- [Given data]:
━━━━━━
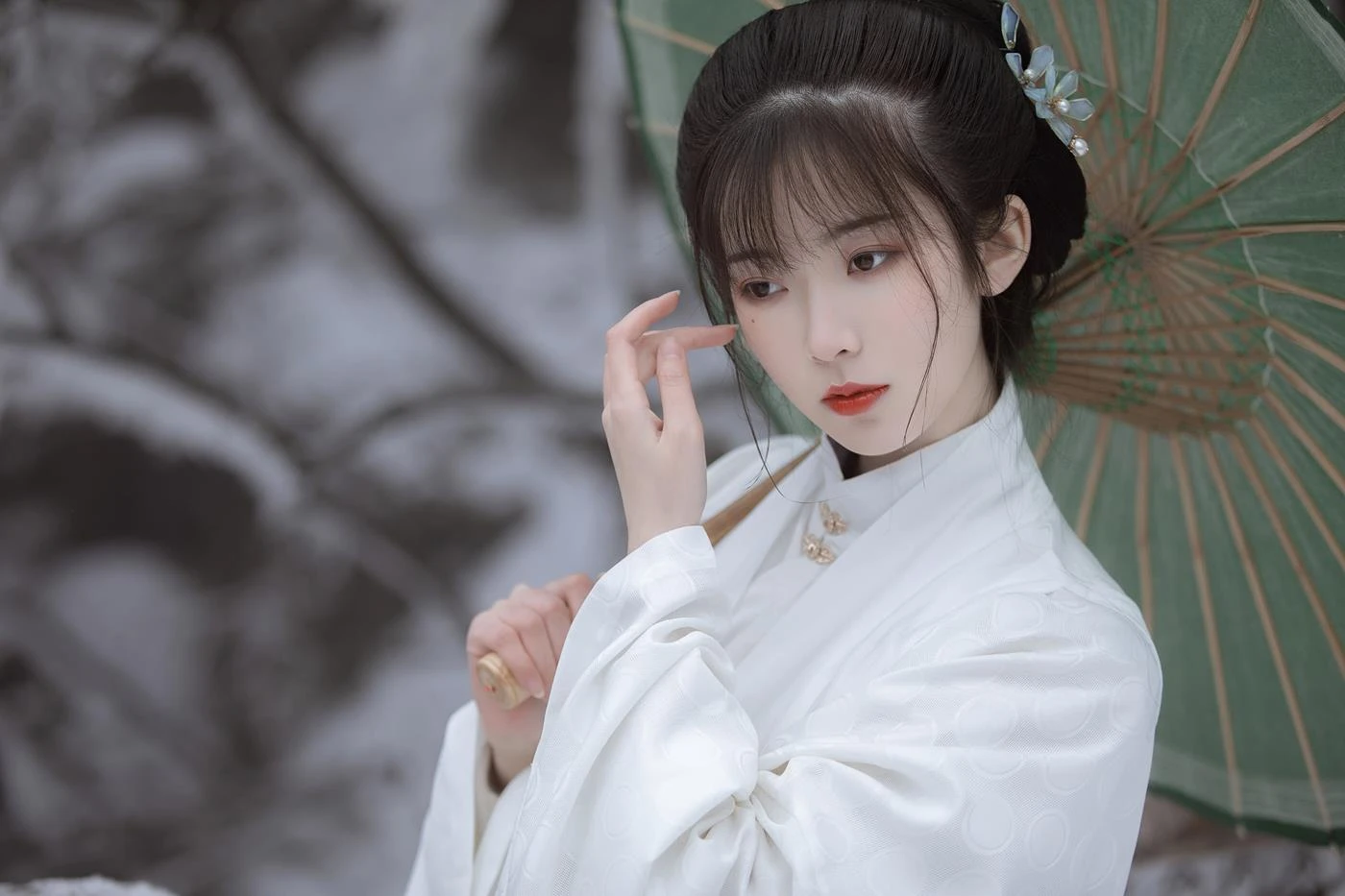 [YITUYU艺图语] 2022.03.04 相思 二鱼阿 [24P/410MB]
━━━━━━
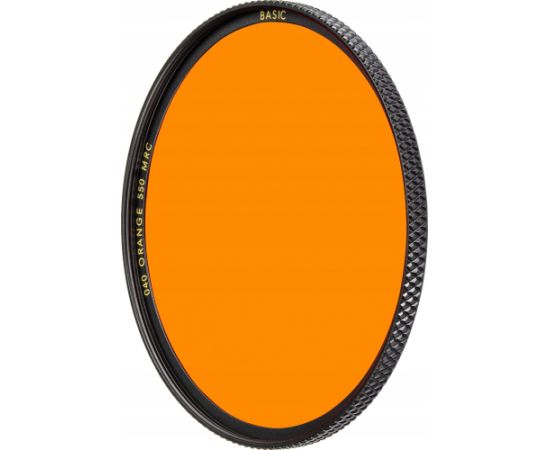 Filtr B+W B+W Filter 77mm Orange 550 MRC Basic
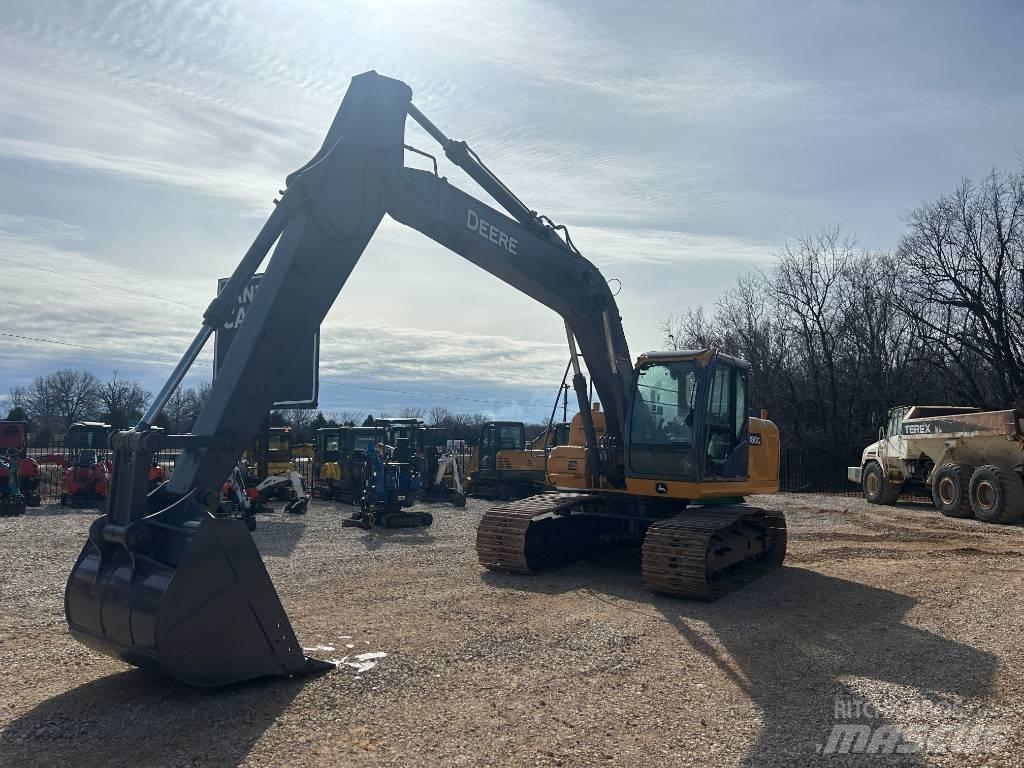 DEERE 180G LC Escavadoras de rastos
━━━━━━
- [Problem to solve]: Text only, no pictures: please print exactly the lines above from the line with "Filtr B+W B+W" up to and including the line with "DEERE 180G LC Escavadoras de rastos", and nothing else.

- [Answer]:
 Filtr B+W B+W Filter 77mm Orange 550 MRC Basic
 DEERE 180G LC Escavadoras de rastos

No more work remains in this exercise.